### Goal of the exercise
Every entry should be returned unchanged, with the pictures omitted.

### Data for this task
============

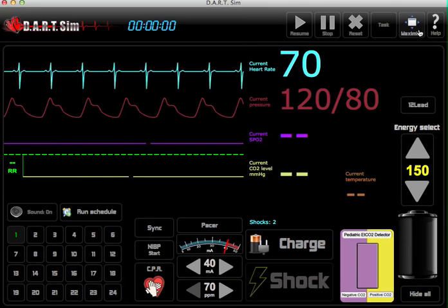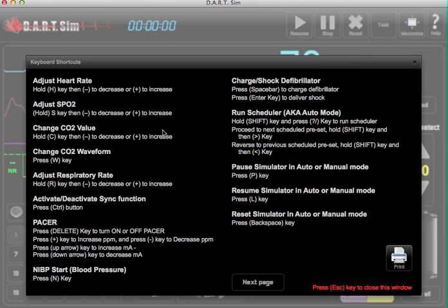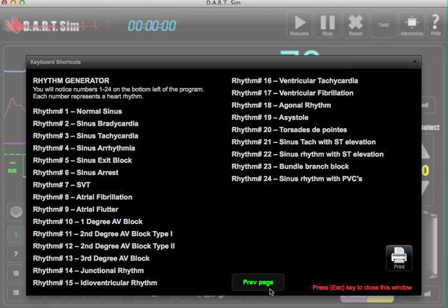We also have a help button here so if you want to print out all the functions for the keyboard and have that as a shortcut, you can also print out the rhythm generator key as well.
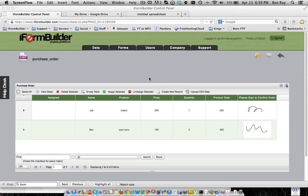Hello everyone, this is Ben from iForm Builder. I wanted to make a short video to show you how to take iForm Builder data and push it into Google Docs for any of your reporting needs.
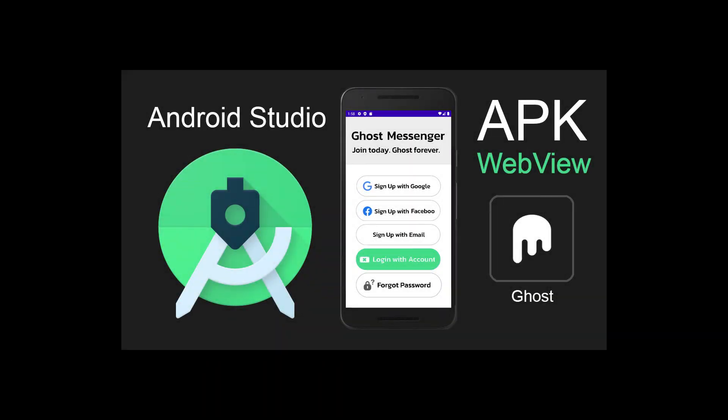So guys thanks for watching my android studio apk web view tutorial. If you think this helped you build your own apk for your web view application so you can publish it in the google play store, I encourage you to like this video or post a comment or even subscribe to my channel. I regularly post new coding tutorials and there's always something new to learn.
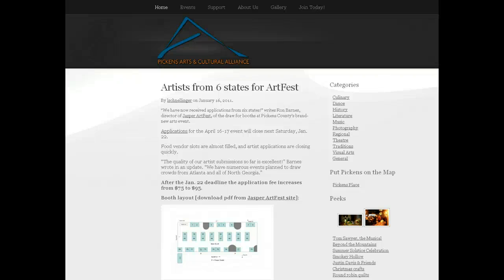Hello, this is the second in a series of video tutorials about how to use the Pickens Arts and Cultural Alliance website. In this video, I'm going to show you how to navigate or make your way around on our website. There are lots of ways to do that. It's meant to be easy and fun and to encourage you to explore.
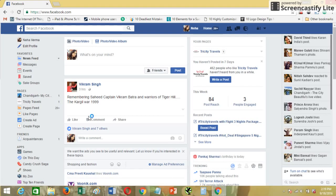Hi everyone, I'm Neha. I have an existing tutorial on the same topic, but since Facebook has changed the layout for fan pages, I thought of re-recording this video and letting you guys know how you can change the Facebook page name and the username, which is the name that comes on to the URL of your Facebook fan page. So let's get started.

============

### Result of the exercise
We also have a help button here so if you want to print out all the functions for the keyboard and have that as a shortcut, you can also print out the rhythm generator key as well.
Hello everyone, this is Ben from iForm Builder. I wanted to make a short video to show you how to take iForm Builder data and push it into Google Docs for any of your reporting needs.
So guys thanks for watching my android studio apk web view tutorial. If you think this helped you build your own apk for your web view application so you can publish it in the google play store, I encourage you to like this video or post a comment or even subscribe to my channel. I regularly post new coding tutorials and there's always something new to learn.
Hello, this is the second in a series of video tutorials about how to use the Pickens Arts and Cultural Alliance website. In this video, I'm going to show you how to navigate or make your way around on our website. There are lots of ways to do that. It's meant to be easy and fun and to encourage you to explore.
Hi everyone, I'm Neha. I have an existing tutorial on the same topic, but since Facebook has changed the layout for fan pages, I thought of re-recording this video and letting you guys know how you can change the Facebook page name and the username, which is the name that comes on to the URL of your Facebook fan page. So let's get started.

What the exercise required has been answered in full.